Identify each line below containing the string "simple" and copy it.

--- Source material ---

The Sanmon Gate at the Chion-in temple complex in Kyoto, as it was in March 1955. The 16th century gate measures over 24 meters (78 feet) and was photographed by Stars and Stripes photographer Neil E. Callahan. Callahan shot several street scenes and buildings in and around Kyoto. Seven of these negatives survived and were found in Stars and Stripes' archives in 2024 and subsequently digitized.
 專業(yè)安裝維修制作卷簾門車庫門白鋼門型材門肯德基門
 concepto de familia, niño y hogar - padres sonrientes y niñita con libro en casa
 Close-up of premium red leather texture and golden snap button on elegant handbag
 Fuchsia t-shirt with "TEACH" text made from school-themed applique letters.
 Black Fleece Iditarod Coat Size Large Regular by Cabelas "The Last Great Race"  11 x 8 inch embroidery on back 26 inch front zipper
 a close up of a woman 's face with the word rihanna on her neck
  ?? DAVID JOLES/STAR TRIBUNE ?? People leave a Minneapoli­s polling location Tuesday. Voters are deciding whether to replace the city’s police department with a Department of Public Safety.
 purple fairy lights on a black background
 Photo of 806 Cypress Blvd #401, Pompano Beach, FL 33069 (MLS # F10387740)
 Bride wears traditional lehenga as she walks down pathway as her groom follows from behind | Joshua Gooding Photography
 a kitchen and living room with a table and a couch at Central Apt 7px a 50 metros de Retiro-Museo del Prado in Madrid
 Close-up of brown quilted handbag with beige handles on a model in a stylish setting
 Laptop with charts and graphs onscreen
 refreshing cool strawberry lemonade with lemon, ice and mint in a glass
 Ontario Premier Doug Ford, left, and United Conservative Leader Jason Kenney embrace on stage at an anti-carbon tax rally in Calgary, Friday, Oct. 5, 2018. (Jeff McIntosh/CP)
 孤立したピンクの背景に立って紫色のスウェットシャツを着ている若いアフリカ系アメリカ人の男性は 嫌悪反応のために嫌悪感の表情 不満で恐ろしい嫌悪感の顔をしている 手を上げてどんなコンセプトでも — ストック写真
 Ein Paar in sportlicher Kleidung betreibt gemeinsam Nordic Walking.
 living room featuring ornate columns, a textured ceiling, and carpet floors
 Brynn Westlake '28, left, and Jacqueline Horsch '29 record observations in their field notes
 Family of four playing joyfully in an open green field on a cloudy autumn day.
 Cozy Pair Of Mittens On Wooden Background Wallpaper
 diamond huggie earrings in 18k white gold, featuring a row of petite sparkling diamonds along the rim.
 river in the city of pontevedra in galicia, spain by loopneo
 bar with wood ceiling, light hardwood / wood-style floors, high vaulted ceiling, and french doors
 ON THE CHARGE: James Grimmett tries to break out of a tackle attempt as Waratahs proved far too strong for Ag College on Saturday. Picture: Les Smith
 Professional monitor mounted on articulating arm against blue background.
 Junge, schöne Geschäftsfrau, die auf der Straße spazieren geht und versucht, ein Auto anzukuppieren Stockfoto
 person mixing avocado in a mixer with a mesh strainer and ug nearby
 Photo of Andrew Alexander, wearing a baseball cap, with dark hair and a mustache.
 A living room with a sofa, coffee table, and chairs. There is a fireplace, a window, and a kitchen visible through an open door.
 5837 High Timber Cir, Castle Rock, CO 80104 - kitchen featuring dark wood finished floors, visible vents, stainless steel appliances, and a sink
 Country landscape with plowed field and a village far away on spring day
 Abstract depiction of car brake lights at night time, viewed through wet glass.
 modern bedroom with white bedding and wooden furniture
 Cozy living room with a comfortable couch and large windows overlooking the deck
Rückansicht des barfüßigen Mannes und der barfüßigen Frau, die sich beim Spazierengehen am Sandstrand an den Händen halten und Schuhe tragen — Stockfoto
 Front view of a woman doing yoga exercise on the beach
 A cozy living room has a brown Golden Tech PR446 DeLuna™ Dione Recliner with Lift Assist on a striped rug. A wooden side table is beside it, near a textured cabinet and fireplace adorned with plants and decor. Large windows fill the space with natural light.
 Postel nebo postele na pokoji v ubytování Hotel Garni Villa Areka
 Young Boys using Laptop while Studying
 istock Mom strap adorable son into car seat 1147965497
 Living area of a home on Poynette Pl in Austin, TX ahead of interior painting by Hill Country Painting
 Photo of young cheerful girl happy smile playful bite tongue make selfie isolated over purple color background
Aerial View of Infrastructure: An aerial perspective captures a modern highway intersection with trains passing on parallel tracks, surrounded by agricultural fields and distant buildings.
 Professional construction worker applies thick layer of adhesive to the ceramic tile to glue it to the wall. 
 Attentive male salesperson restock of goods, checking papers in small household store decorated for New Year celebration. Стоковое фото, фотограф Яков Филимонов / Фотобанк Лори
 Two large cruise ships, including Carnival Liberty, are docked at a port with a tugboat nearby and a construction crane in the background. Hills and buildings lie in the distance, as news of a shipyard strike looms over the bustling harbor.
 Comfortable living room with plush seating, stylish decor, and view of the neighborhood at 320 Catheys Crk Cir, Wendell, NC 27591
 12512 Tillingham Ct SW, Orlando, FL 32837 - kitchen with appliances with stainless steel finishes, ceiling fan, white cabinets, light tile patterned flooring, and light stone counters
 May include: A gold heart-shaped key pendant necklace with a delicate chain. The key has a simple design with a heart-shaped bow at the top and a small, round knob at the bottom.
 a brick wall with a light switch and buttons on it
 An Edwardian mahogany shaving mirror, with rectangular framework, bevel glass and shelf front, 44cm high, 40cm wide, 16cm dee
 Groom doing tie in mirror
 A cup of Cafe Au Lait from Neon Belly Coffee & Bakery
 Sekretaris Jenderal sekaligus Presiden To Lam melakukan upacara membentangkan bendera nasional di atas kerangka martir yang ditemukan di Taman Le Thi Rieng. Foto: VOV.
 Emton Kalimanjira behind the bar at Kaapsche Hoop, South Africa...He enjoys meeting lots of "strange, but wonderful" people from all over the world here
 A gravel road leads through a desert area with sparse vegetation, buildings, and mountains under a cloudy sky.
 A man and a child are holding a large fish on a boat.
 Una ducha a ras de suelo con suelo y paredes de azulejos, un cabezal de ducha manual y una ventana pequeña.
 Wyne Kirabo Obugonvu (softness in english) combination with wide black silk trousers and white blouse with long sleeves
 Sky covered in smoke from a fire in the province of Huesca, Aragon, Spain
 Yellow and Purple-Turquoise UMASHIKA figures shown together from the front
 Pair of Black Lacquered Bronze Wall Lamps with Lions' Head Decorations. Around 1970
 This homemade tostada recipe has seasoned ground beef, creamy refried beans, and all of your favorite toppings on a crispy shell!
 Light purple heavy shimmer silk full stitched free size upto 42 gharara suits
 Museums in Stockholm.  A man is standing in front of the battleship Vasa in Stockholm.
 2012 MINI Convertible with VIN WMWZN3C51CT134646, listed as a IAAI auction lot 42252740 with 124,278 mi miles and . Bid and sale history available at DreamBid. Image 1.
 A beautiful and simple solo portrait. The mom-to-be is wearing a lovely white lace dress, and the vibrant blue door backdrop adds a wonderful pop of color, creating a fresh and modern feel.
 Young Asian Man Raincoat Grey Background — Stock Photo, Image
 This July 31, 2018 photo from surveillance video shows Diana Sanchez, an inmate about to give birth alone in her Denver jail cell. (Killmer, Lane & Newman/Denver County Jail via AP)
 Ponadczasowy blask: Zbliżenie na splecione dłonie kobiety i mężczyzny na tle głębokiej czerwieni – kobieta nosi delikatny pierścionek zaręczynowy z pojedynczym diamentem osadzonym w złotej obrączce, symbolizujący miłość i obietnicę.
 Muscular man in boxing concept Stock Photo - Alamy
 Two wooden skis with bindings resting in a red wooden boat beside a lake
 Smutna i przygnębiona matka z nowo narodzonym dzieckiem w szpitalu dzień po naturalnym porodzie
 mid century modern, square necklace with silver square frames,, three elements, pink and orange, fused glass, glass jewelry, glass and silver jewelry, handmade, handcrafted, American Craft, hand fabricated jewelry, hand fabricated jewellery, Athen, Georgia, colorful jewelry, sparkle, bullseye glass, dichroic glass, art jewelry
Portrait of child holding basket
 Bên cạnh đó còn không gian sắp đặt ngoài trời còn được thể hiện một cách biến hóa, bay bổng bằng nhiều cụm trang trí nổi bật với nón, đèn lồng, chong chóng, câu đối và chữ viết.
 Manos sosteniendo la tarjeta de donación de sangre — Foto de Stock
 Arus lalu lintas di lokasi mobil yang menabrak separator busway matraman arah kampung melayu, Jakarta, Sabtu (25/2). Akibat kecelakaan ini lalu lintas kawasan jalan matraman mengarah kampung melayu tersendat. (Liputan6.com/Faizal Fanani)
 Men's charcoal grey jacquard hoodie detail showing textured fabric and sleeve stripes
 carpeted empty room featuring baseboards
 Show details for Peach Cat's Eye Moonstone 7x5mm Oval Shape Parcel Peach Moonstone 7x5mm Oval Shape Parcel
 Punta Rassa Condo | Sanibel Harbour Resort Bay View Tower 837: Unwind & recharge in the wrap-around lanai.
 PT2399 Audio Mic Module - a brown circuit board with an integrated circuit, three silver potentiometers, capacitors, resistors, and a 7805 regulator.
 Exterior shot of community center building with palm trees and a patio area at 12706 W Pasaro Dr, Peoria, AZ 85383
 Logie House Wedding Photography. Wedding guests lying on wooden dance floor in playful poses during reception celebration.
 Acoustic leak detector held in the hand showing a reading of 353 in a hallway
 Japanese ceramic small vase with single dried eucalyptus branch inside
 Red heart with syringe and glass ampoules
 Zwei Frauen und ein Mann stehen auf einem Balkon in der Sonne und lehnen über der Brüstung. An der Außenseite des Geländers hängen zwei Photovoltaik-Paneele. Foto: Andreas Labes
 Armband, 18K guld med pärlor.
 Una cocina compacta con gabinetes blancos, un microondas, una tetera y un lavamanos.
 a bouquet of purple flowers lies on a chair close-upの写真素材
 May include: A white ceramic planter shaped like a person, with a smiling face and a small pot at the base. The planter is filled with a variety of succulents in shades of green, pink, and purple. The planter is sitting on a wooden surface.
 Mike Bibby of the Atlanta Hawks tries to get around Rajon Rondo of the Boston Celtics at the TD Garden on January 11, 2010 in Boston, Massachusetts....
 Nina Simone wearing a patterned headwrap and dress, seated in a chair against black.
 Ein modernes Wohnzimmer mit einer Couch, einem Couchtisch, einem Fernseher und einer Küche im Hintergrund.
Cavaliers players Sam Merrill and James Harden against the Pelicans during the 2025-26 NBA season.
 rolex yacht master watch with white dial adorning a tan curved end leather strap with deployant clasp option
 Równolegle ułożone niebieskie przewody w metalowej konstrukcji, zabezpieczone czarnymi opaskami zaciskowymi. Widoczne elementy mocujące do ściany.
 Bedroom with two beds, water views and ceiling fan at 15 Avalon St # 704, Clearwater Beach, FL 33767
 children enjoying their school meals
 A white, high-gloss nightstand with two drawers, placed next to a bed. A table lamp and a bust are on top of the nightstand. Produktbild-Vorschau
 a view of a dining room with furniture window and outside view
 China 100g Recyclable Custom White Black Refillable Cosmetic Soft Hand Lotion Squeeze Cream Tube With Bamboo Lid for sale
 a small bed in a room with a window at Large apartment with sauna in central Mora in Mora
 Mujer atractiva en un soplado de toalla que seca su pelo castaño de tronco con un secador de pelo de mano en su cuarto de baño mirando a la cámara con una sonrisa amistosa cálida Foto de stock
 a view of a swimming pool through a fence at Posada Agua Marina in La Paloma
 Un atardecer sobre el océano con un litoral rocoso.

---

** Task solution **
 May include: A gold heart-shaped key pendant necklace with a delicate chain. The key has a simple design with a heart-shaped bow at the top and a small, round knob at the bottom.
 A beautiful and simple solo portrait. The mom-to-be is wearing a lovely white lace dress, and the vibrant blue door backdrop adds a wonderful pop of color, creating a fresh and modern feel.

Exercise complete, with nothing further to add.